I also tried to look at an exact sequence of the form $$ 0 \rightarrow (Y^2) \rightarrow R[Y] \rightarrow R[Y] / (Y^2) \rightarrow 0 $$ and then try to tensor with $R$ maybe, but I could not prove the stated isomorphism in this way.
Help/advice is appreciated.
You can show the latter isomorphism in your comment by noting Max's comment. Otherwise, you can proceed as you did before by describing explicitly the isomorphism.
Your attempt in part b is correct, just need to check the $R[X]$-bilinearity of the map which is basically by definition.
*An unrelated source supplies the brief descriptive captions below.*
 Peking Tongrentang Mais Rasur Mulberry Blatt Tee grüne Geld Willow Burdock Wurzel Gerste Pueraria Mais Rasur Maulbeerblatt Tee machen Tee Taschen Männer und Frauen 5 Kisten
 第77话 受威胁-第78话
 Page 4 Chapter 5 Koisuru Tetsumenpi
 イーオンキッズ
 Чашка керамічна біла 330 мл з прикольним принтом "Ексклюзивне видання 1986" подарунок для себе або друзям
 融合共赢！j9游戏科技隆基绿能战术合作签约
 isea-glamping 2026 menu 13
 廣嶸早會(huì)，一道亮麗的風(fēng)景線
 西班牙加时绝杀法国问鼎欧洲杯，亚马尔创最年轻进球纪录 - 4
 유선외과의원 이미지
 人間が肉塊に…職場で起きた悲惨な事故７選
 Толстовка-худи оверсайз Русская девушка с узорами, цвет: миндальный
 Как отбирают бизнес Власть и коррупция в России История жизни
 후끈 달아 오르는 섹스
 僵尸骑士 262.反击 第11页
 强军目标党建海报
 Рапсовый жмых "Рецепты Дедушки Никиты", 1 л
One comment here is that we should write the map $\chi$ as $$\chi: R \times R[Y] \rightarrow R[Y] / (Y^2) : (r, \sum_{i=0}^n a_i Y^{i}) \mapsto r(a_0 +a_1 Y^{1}) + (Y^2)$$ The inverse of $\chi$ (the tensor product version of $\chi$) is the obvious one, i.e, $$\phi: R[Y]/(Y^2) \rightarrow R \otimes_{R[X]} R[Y] : a_0 +a_1 Y^{1} + (Y^2)\mapsto 1 \otimes (a_0+a_1y) $$
From this, it is clear that the composition map $R[Y]/(Y^2) \rightarrow R \otimes_{R[X]} R[Y] \rightarrow R[Y] / (Y^2)$ is the identity. In order to check that the map $R \otimes_{R[X]} R[Y] \rightarrow R[Y] / (Y^2) \rightarrow R \otimes_{R[X]} R[Y]$ is also the identity, notice the following \begin{align*} &\ \ \ \ \ a\otimes (b_0+b_1y+b_2y^2+\ldots +b_{2n}y^{2n}+b_{2n+1}y^{2n+1})\\ &=a\otimes (b_0+b_2y^2+\ldots +b_{2n}y^{2n})+a\otimes (b_1y+b_3y^3+\ldots +b_{2n+1}y^{2n+1})\\ &= a\otimes (b_0+b_2x+\ldots +b_{2n}x^{n}).1+a\otimes (b_1+b_3x+\ldots +b_{2n+1}x^{n}).y\\ &= a.(b_0+b_2x+\ldots +b_{2n}x^{n})\otimes1+a.(b_1+b_3x+\ldots +b_{2n+1}x^{n})\otimes y\\ &= a.b_0\otimes 1 +a.b_1\otimes y\\ &= a \otimes (b_0+b_1y) \end{align*} (the $.$ sign is the $R[X]$-multiplication in the modules $R$ and $R[Y]$). Actually this is the reason why we have the isomorphism. I hope this is clear enough.